Many would argue fiercely for the talent the U.S. has at its disposal in the Olympic team. Freddy Adu, Jozy Altidore, Michael Bradley, Sasha Kljestan and Brad Guzan are some of the luminaries, but none of them are genuine superstars in the international vein. While I believe Freddy and Jozy are pearls for the future, they really haven't proven themselves enough to be called "extremely good" internationally. Although they've done very well in the MLS, that's hardly enough for them to compare to such stars as Ryan Babel, Sebastian Giovinco, Alexandre Pato, Leo Messi, Sergio Agüero, etc. who have proven themselves in Europe's top leagues, despite their relative youth. Freddy languished on the subs bench for Benfica (although he did manage a respectable haul of 5 goals) when he went abroad, and was subsequently loaned out to A.S. Monaco in the French Ligue 1 for this year. Jozy has yet to see a Spanish pitch in real competition for his new club Villarreal, and it will be interesting to see whether he accepts being loaned out (after initially rejecting the idea) in order to get some valuable minutes to aid his development.

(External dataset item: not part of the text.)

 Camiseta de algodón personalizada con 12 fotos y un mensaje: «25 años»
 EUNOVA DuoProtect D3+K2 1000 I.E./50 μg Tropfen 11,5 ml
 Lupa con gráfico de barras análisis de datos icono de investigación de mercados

Even Bryan McBride, the U.S.A.'s "best" player, is not a real world star. He was a good, solid striker and captain for Fulham in the EPL, but he hardly lit up the league with brilliant, game-changing performances day in, day out.
Foppe De Haan's statement speaks directly to one of the problems with the U.S. soccer team now. Although the team is as always very solid and well-organized, it's lacking in the individual creative brilliance that so many of the nations we strive to compete with seem to produce in excess. With every new generation of players issuing from the Netherlands, their fans see the possiblities of the "new Van Basten", the Italians hail their "new Roberto Baggio" and the French can look forward to the prospect of their "new Zidane". However, the U.S. struggles to produce exceptional individual talent because of several inherent flaws in the U.S. soccer system itself.
In summary, I feel that instead of taking offense to De Haan's words, we should instead examine the problem that prevents the U.S. from developing the talent we have at our disposal into genuine stars. In addition, what can we do to prevent the talent we've developed from escaping our clutches (a lá Giuseppe Rossi)?